Now naturally, I got all the questions correct and proudly marked my paper accordingly, adding a artistic flair by making my "100%" into a smiley face using the zeros. Thinking "something's missing", I surrounded the 100 smiley face with about 4 stars (2 on each side, for balance).
Raised not to be a poor winner, I offered my condolences to Science Guy.
"Sorry you only got an eighty on your quiz. Better luck next time."
Then, the "unthinkable" happened...
My Boss asked for our papers.
Uh, come again?
"Yeah, I have to fax these to Home Office."
Puh-puh-puh-pardon?
Some Home Office person if going to see this and think, "wow, what a consummate professional. We should promote her at once!"
++++++++++++++++++++++++++++++++++++++++++++++++++++++++++++++++++++++++++++++++++++++
Believe it or not, some of my jerkoffy thoughts never see the light of day. Somehow I am actually able to just keep them in my head thus providing me endless whole minutes of entertainment.
The Elevator. I have so,so many beefs with conduct unbecoming an elavator rider but really who has that kind of time. And at my old job, it sucked even worse because I was on the 31st floor, which was 1 floor beneath the penthouse, that is a lo-ooooot of elevator riding time. So that is to say, if you caught "the local", well, hope you weren't in a huge rush to catch your train. What's even more "freaking foul and foul an filth and..." is when the newest person to get on only goes up or down one floor and you SO TOTALLY KNOW they have access to get there via the stairs. LAZY. ASSES.
Yep, "taking the local" sucks. But here at new job, I am only on the 6th floor, so it's not such a hassle, even if I do get the local. Still, there's always that sneaky thought that pops in from time to time when I hit 6 and then someone sneaks on at the last second and presses on a number lower than my floor. Or that pang of fraternity when on a crowded elevator, someone from 17 remarks, "the local today, huh?" when I get on. I was there with you, brutha, trust me, I was there.
But me knowing me like I do, I swear, it's only a matter of time until I crack* and say with an air of exasperation to some poor sack hopefully carrying a laptop and a bunch of files, "What, you COULDN'T TAKE THE STAIRS??"
*and by "crack" I mean, "tempted" and "curious to see what would happen".
Ohmygosh, the story about "grading" your paper was AWESOME! Good thing you didn't lean over and write "YOU SUCK" on Science Guy's paper, too!

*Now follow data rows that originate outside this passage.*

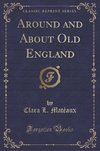 Matéaux, C: Around and About Old England (Classic Reprint)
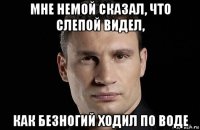 мне немой сказал, что слепой видел, как безногий ходил по воде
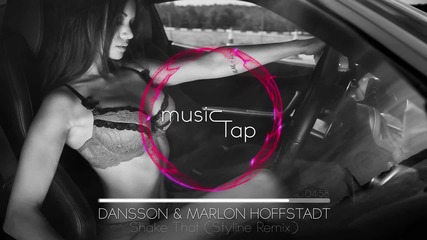Dansson & Marlon Hoffstadt - Shake That (styline Remix)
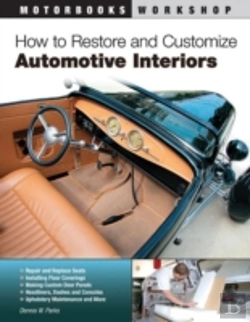 Bertrand.pt - How To Restore And Customize Automotive Interiors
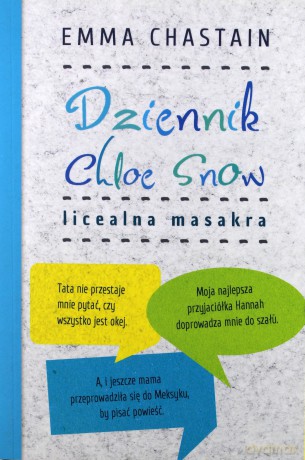 Dziennik Chloe Snow. Licealna masakra - Emma Chastain [KSIĄŻKA]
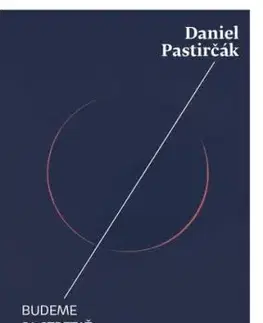 Budeme sa stretať v snoch - Daniel Pastirčák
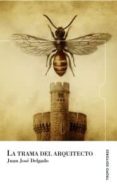 LA TRAMA DEL ARQUITECTO di DELGADO, JUAN JOSE 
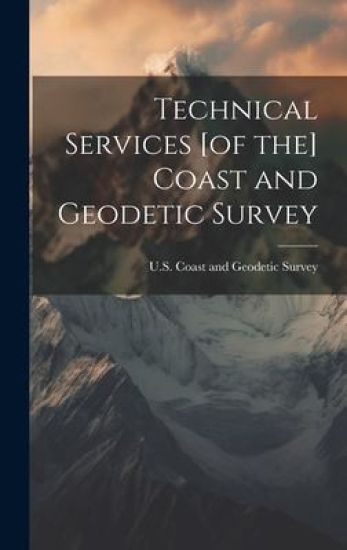 Technical Services [of the] Coast and Geodetic Survey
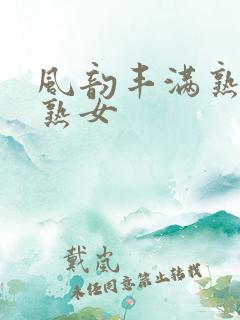 风韵丰满熟妇老熟女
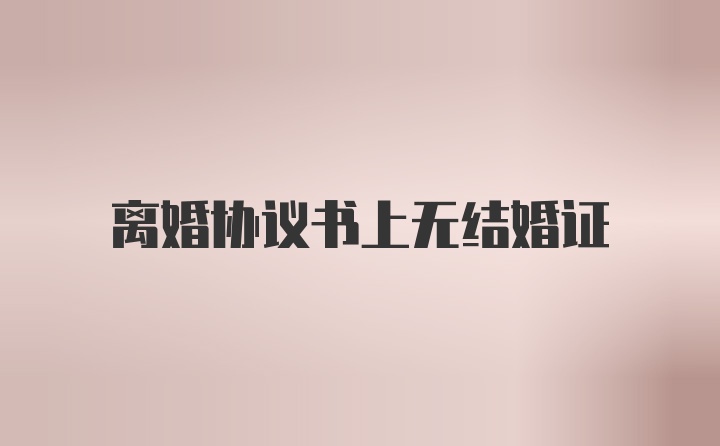 离婚协议书上无结婚证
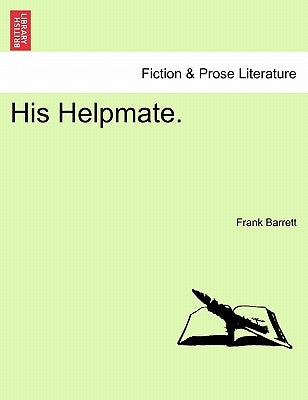 His Helpmate. by Barrett, Frank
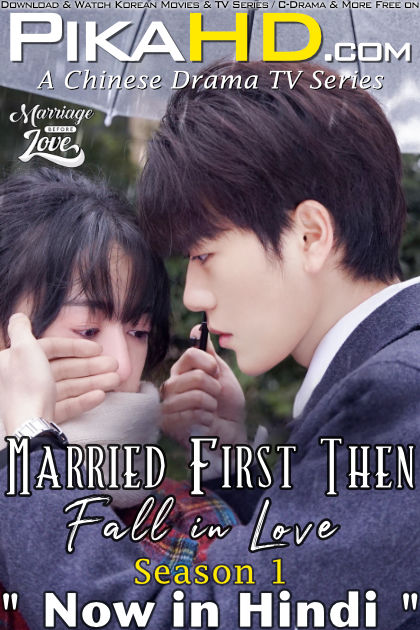Download Marriage Before Love (2021) In Hindi 480p & 720p HDRip (Chinese: Married First Then Fall in Love) Chinese Drama Hindi Dubbed] ) [ Marriage Before Love Season 1 All Episodes] Free Download on PikaHD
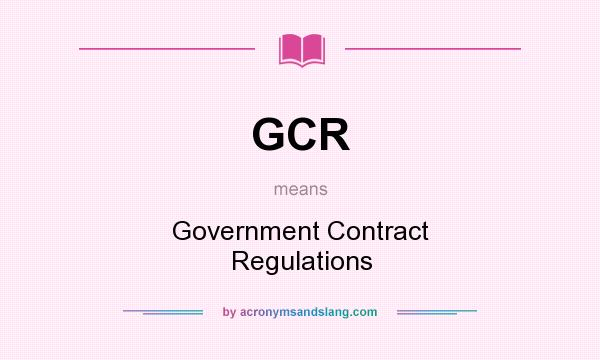 What does GCR mean? It stands for Government Contract Regulations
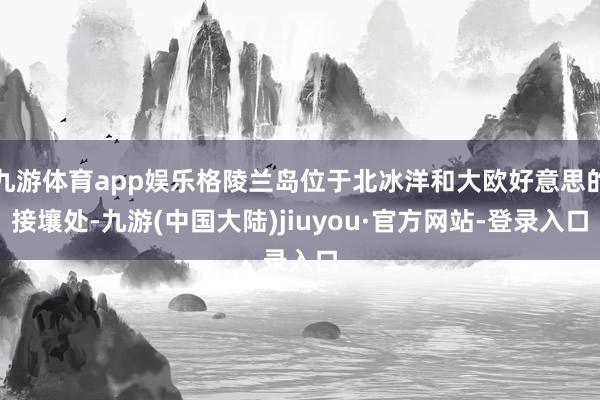 九游体育app娱乐格陵兰岛位于北冰洋和大欧好意思的接壤处-九游(中国大陆)jiuyou·官方网站-登录入口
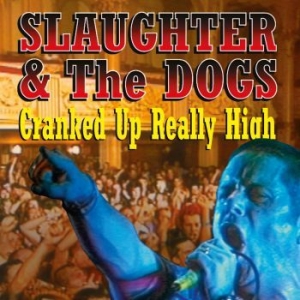 Slaughter & The Dogs - Cranked Up Really High i gruppen VINYL / Pop-Rock hos Bengans Skivbutik AB (4162337)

Did you hand it in? Did your boss say anything about it?
My boss is a cool guy, too, and there are only 3 of us (me, another guy, and Boss Guy). We're so casual that when my boss walked up behind me as I was working on my blog post and said, "Ooh, I could've guessed!" I responded, "Dude, I've been f*cking working all day." Yeah. Maybe I'm a little TOO casual.
And I totally hear you on the elevator rides. The whole building is only 8 floors and whenever someone takes the elevator one or two floors, I just want to say, "You lazy bastard. THIS is why you're so damn fat. Jerk." One of these days...
(Longest. Comment. Ever.)
Posted by: Liberal Banana | June 13, 2006 at 04:23 PM
My boss saw me make the marks, and yeah, he collected them. That's how it went to H.O.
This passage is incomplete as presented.